Opinion
March 13, 1992
Appeal from the Onondaga County Court, Cunningham, J.
Present — Callahan, J.P., Boomer, Balio, Lawton and Davis, JJ.
Judgment unanimously affirmed. Memorandum: Defendant appeals from a judgment of conviction for conspiracy in the second and fourth degrees. He contends that the evidence was legally insufficient to prove that he entered into an illicit agreement; that count twelve of the indictment was insufficient because it failed to allege that the underlying felony was a class A felony and that this deficiency could not be remedied by amendment; that County Court abused its discretion in denying defendant's motion for a severance; and that the sentence is harsh and excessive.
Proof of conspiracy requires evidence that defendant entered into an agreement, either express or implied, to commit a crime (People v Berkowitz, 50 N.Y.2d 333, 343; People v Mackell, 47 A.D.2d 209, 213, affd 40 N.Y.2d 59). The fact of agreement may be established inferentially by circumstances indicating that defendant engaged in a common effort or acted in concert with others to achieve a common goal (Hamling v United States, 418 U.S. 87, 124; People v Silverman, 252 App. Div. 149, 174). Although, as defendant contends, evidence that one merely recommended a particular source of drugs to a prospective buyer or directed him to that source is not sufficient to prove a conspiracy to sell the drugs (People v Lindsey, 16 A.D.2d 805, affd 12 N.Y.2d 958; cf., People v Gordon, 32 N.Y.2d 62), the evidence in the instant case, viewed in the light most favorable to the People, reveals more than the recommendation of a source. During their first meeting, the prospective buyer, a police informant, told defendant that he wanted to purchase a quarter-ounce of cocaine. Defendant responded that he did not have any cocaine and would have to contact his brother Calvin, who ultimately negotiated and completed the sale. On a subsequent occasion, defendant assured the informant and his companion, an undercover DEA agent, that the companion would receive the same favorable treatment in obtaining cocaine that the informant had received. On both occasions, defendant directed others to contact Calvin so that the sales could take place. The evidence was sufficient to warrant the inference that defendant was part of a common effort to sell cocaine.
The trial court did not err in permitting the People to amend the indictment to refer specifically to the underlying crime as a class A felony. An indictment alleging conspiracy is sufficient where, as here, it specifically refers to the statute alleged to have been violated and where the allegations, including the overt acts alleged, set forth the elements of the crime (People v Cohen, 52 N.Y.2d 584, 586; People v Saft, 29 A.D.2d 618, affd 28 N.Y.2d 964).

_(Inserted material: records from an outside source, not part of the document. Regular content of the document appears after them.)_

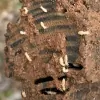 Clark Pest Remedy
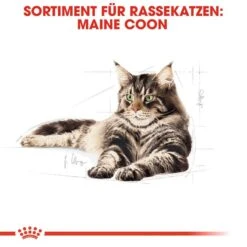 Royal Canin Maine Coon Adult Katzenfutter Nass -KERBL Verkaufsgeschäft royal canin maine coon adult katzenfutter nass 1565698328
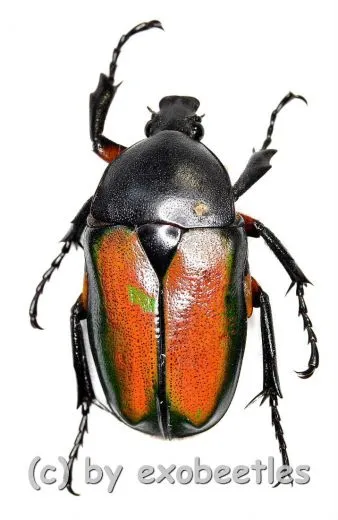 Ingrisma nasuta ( gelb / rötlich ) ( 20 – 29 ) A2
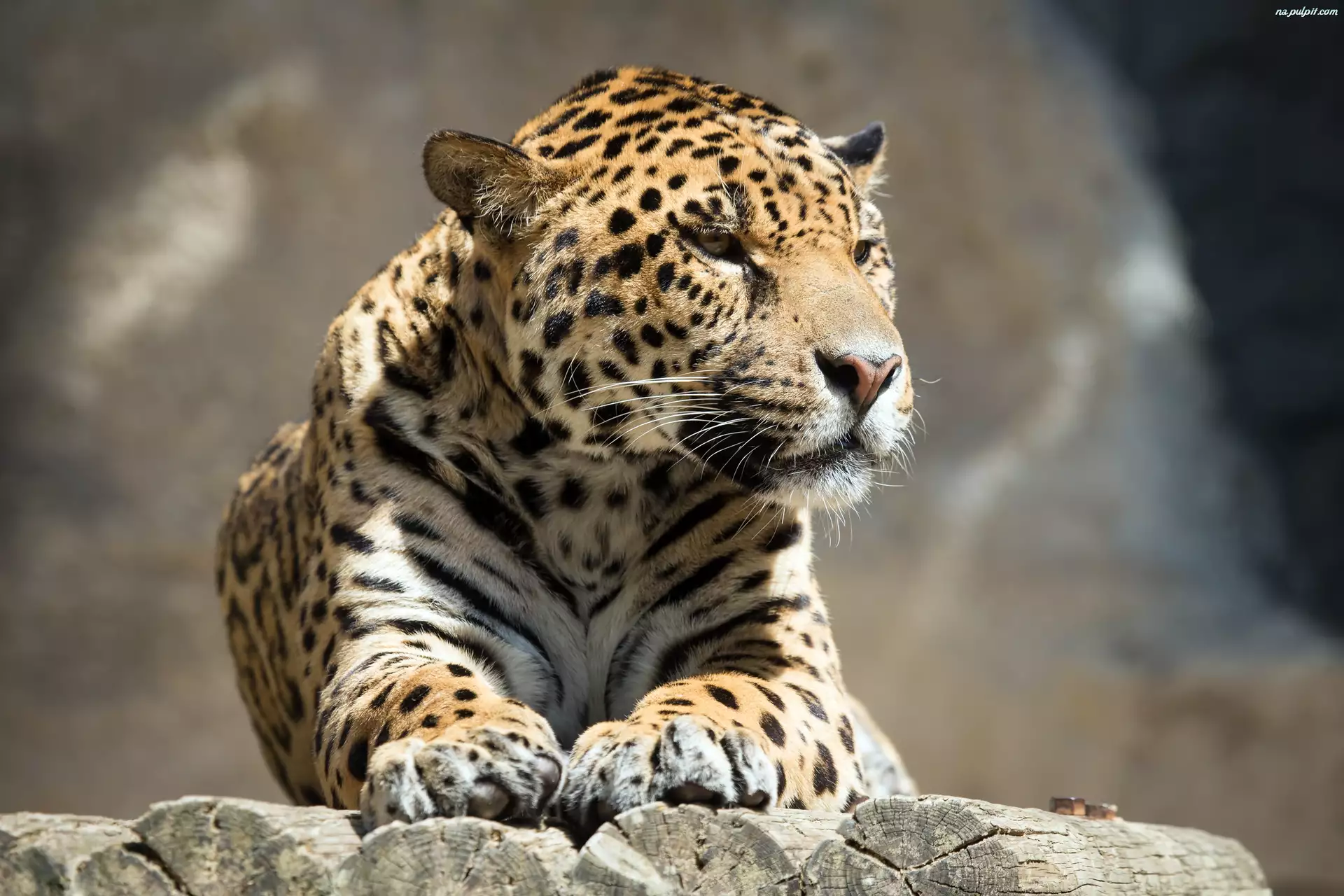 Jaguar, Drewno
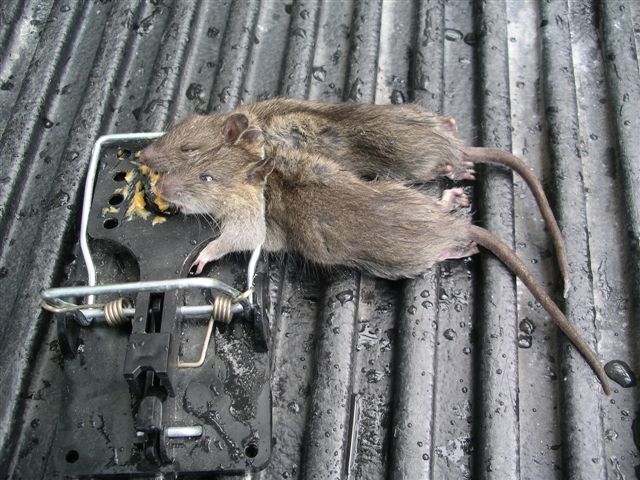 image of rats in trap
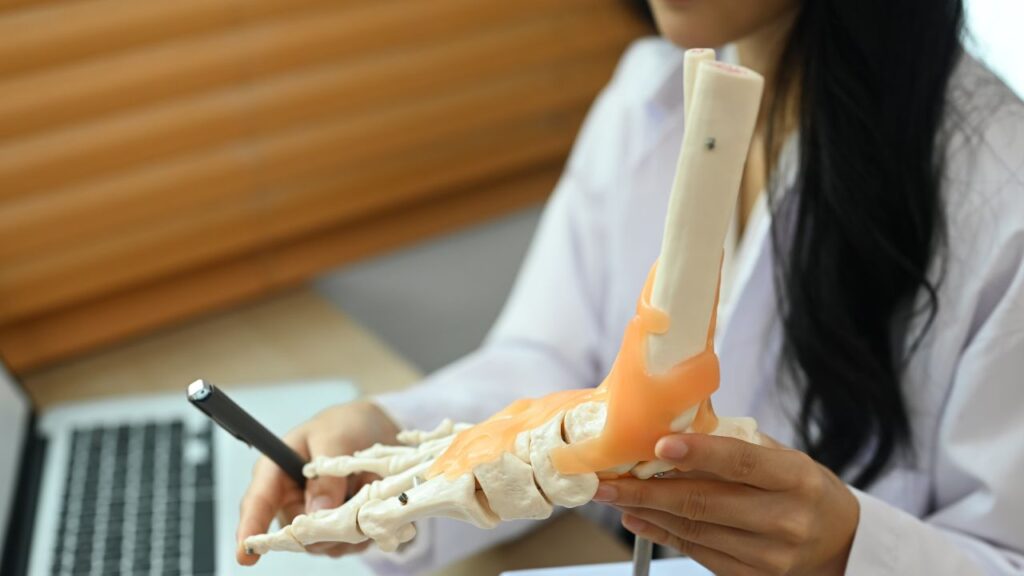 A breakthrough in support for tendons ligaments and cartilage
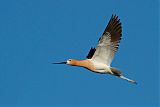 American Avocetborder=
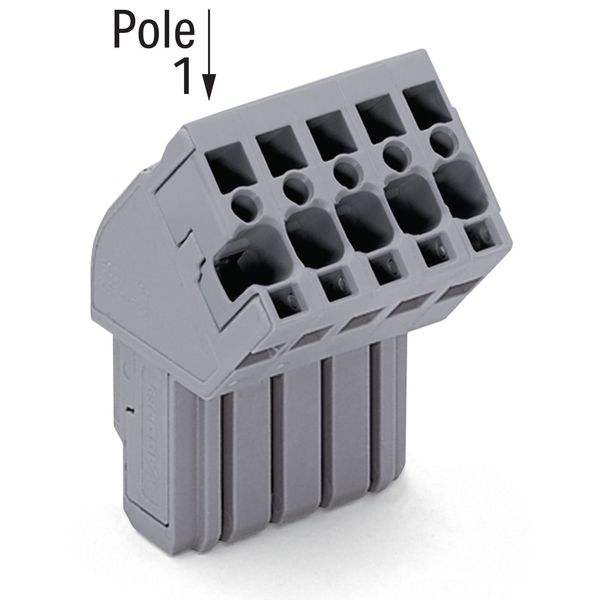 1-conductor female connector, angled CAGE CLAMP® 4 mm² gray image 2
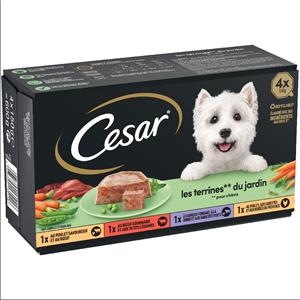 Cesar Classic Hondenvoer Gemengd pakket - 4 x 150 g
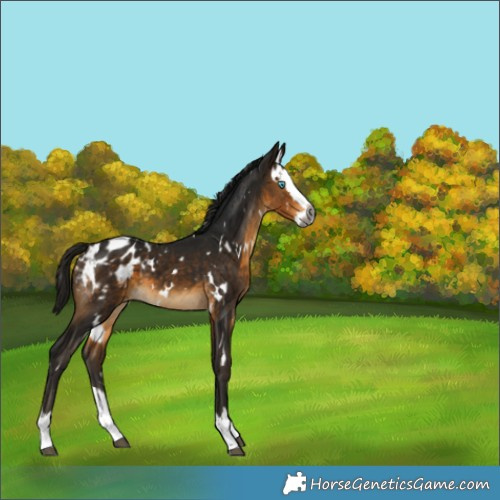 Horse Color:Gray White Spotted Buckskin Splash Appaloosa 
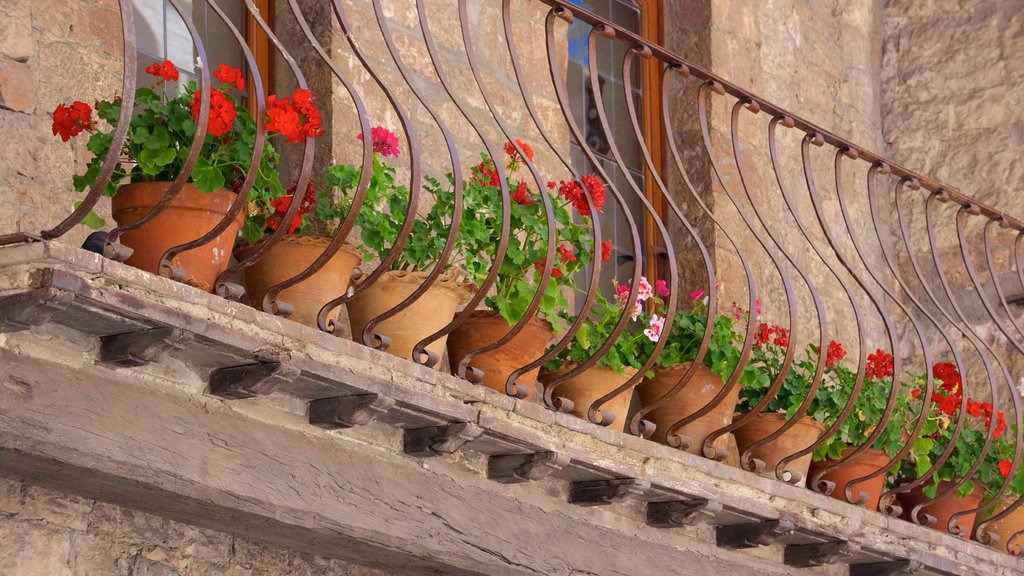 Via San Francesco featuring flowers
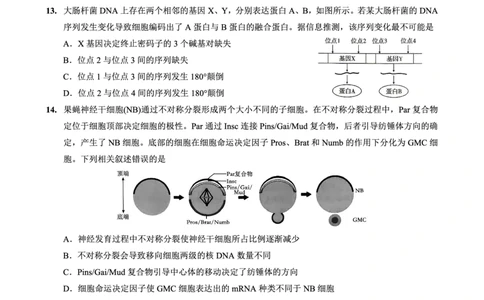 重庆一中高2026届高三3月（末）月考生物_2024-2026高三（6-6月题库）_2026年03月高三试卷_260331重庆一中高2026届高三3月（末）月考（全科）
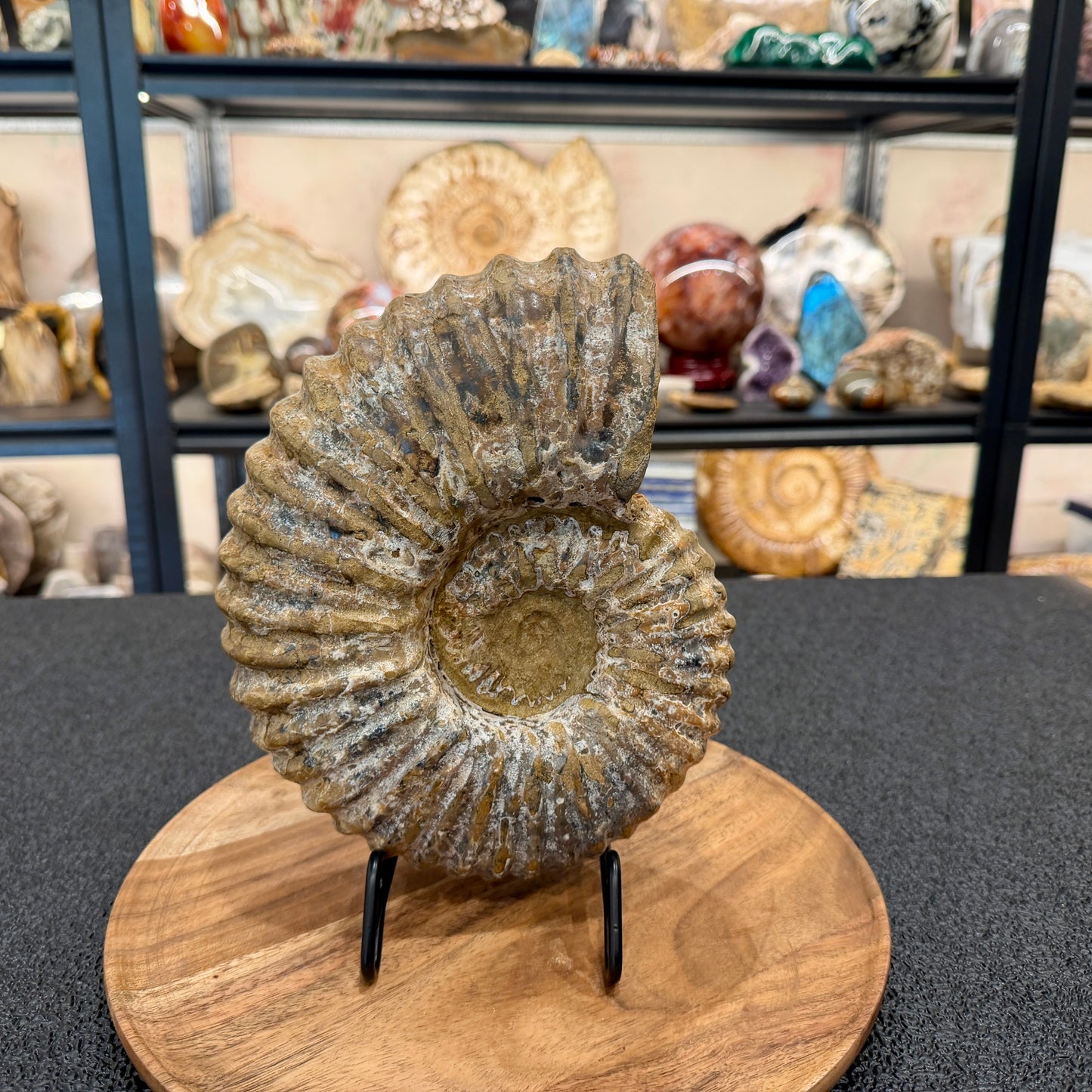 Natural Jurassic Ammonite Fossil 8.8" | Madagascar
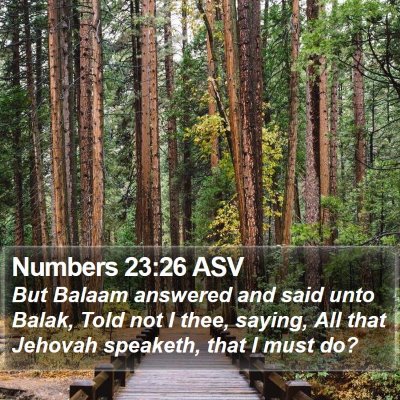 Numbers 23:26 ASV Bible Verse Image
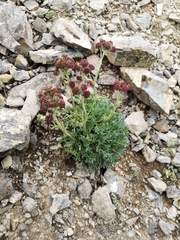 Artemisia globularia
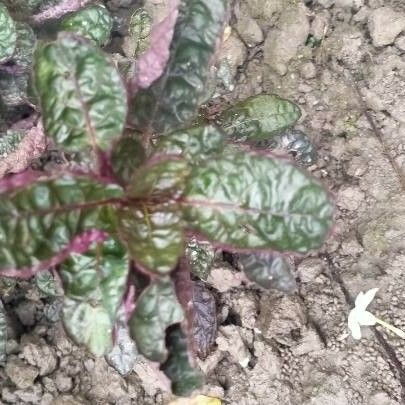 Hemigraphis alternata Leaf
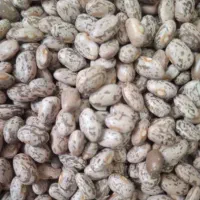 فروش لوبیا چیتی و قرمز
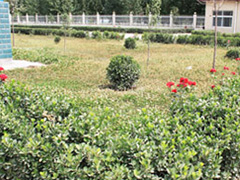 �����Vɽ�S�^(q��)��(ch��ng)��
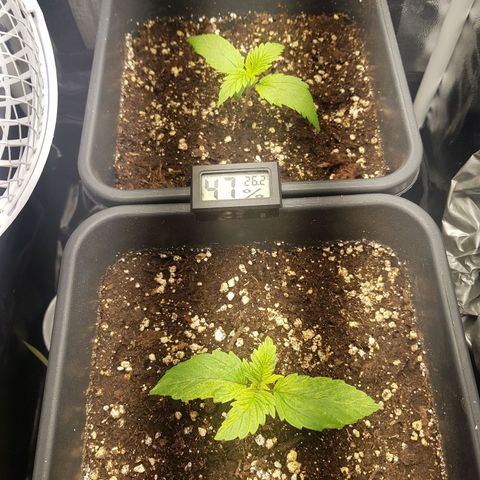The Speedy #1 growlog timeline photo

The motion for a severance was properly denied. A joint trial is permitted where all of the offenses charged are based upon a common scheme or plan (CPL 200.40; People v Israel, 148 A.D.2d 637, affd 75 N.Y.2d 972). Defendant made no claim that he might need his codefendant's testimony for his defense (see, People v Nelson, 147 A.D.2d 774, lv denied 74 N.Y.2d 794), and the quantum of evidence against each defendant was not so disparate as to deny defendant a fair trial (see, People v Griffin, 135 A.D.2d 730).
Defendant contends that the sentence is harsh and excessive in light of defendant's limited involvement in the criminal venture and by comparison with the sentences imposed upon codefendants. There is no merit to that contention. The legislatively-established range of punishment for the crime of conspiracy implicitly includes the fact that defendant is being punished for the agreement, not for the more serious underlying crime. Further, there is no requirement that defendants in similar circumstances be sentenced equally (People v Brown, 136 A.D.2d 1, lv denied 72 N.Y.2d 857, cert denied 488 U.S. 897; People v Burgh, 94 A.D.2d 925), and where the court gains additional information concerning the criminal conduct during the course of trial, imposition upon the defendant of a sentence harsher than that imposed upon those who pled is not improper (People v Williams, 51 N.Y.2d 803).